There is a 2.0-kg disk travelling at 3.0 m/s on frictionless ice. It strikes a 1.0-kg stick of length 4.0 m that is lying flat on the same frictionless ice. Assume elastic collision and that the disk does not deviate from its original line of motion, find the translational speed of the disk, $v_{df}$. Let $m_d$ be the mass of the disk and $m_s$ be the mass of the stick.
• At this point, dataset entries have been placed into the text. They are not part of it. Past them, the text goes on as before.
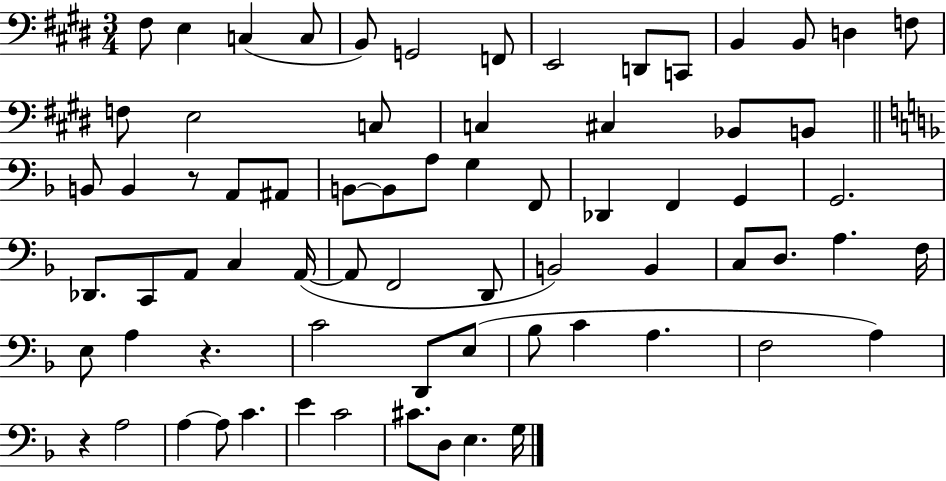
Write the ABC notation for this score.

X:1
T:Untitled
M:3/4
L:1/4
K:E
^F,/2 E, C, C,/2 B,,/2 G,,2 F,,/2 E,,2 D,,/2 C,,/2 B,, B,,/2 D, F,/2 F,/2 E,2 C,/2 C, ^C, _B,,/2 B,,/2 B,,/2 B,, z/2 A,,/2 ^A,,/2 B,,/2 B,,/2 A,/2 G, F,,/2 _D,, F,, G,, G,,2 _D,,/2 C,,/2 A,,/2 C, A,,/4 A,,/2 F,,2 D,,/2 B,,2 B,, C,/2 D,/2 A, F,/4 E,/2 A, z C2 D,,/2 E,/2 _B,/2 C A, F,2 A, z A,2 A, A,/2 C E C2 ^C/2 D,/2 E, G,/4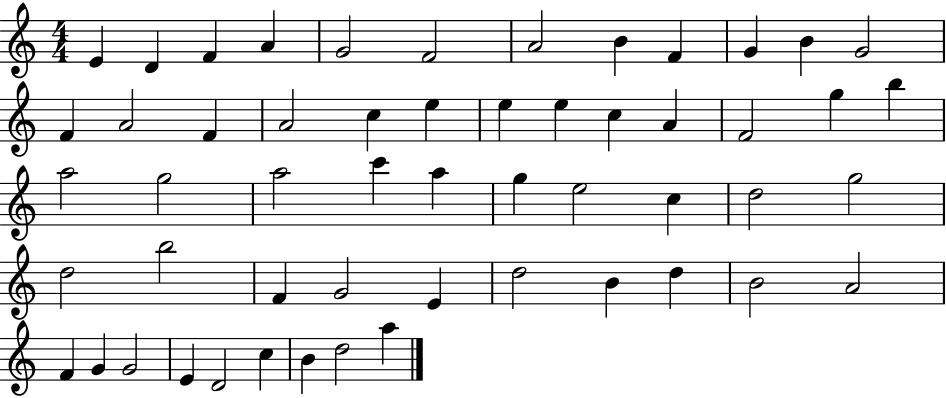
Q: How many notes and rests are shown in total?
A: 54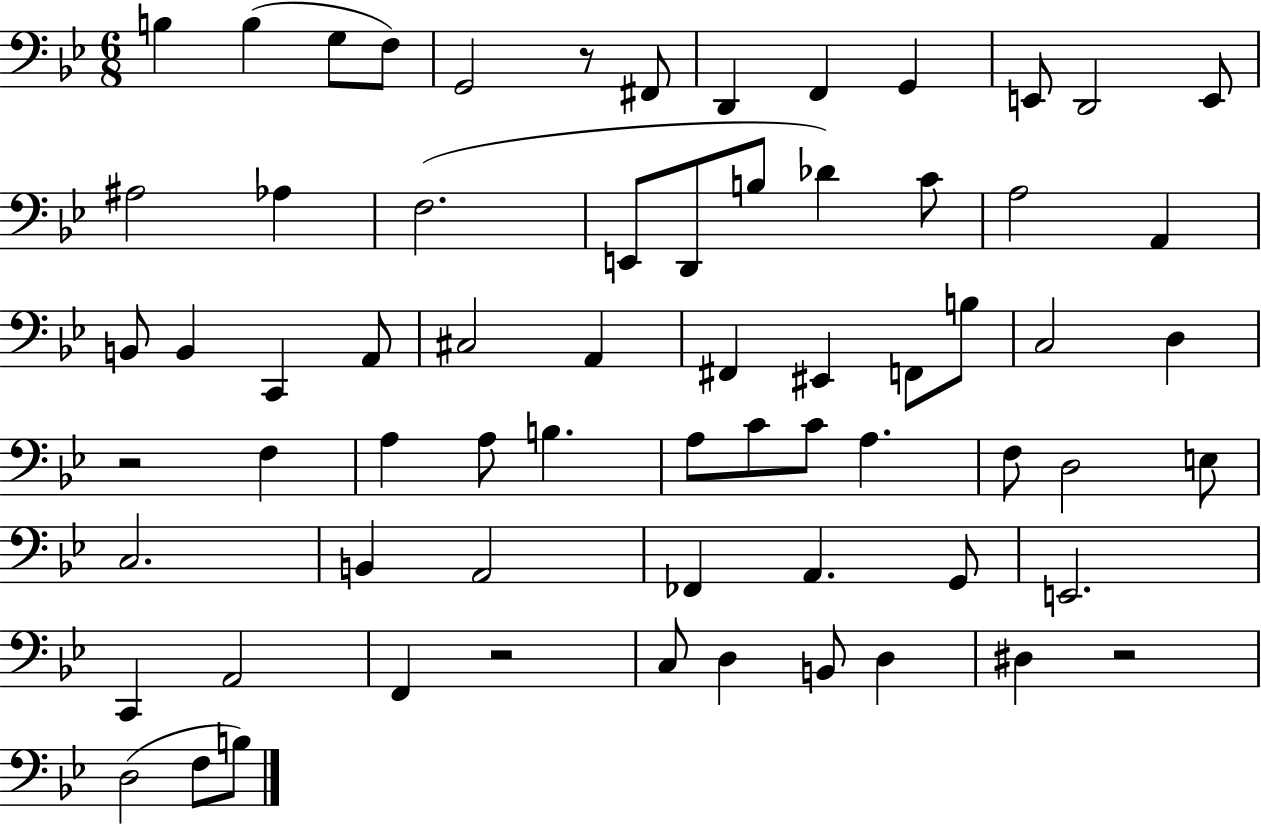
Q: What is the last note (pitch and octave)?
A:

Let $v_{d}$ be the velocity of the disk and $v_{s}$ be the velocity of the stick.

The solution used the conservation of linear momentum, conservation of angular momentum and conservation of mechanical energy:

$$m_dv_{di}= m_dv_{df}+m_sv_s $$

$$\frac{l}{2} m_dv_{di} = \frac{l}{2} m_dv_{df} + I_{CM} \omega $$

$$\frac{1}{2} m_dv_{di}^2 = \frac{1}{2} m_dv_{df}^2 +\frac{1}{2} m_sv_{s}^2+ I_{CM} \omega^2 $$

Which, after solving, got a solution of:

$v_{df} = \frac{7}{3} m/s^2 $

My question is: Why does the relation $u_1 -u_2 = v_2 - v_1$ not work in this case? Isn't it an elastic collision? When I used this:

By conservation of linear momentum,

$$m_dv_{di}= m_dv_{df}+m_sv_s $$

$$(2.0)(3.0) = (2.0)(v_{df}) +(1.0)(v_s)$$ hence $$v_s = 6-2 v_{df}$$

from $u_1 -u_2 = v_2 - v_1$,

$$3.0 - (0) = (v_s)-(v_{df})$$ hence $$v_s = 3+v_{df}$$

Combining and doing some basic manipulation, $$v_{df}=1.0 m/s^2$$

Which contradicts with the solution.

Please let me know where I may have made some wrong assumptions. Thanks!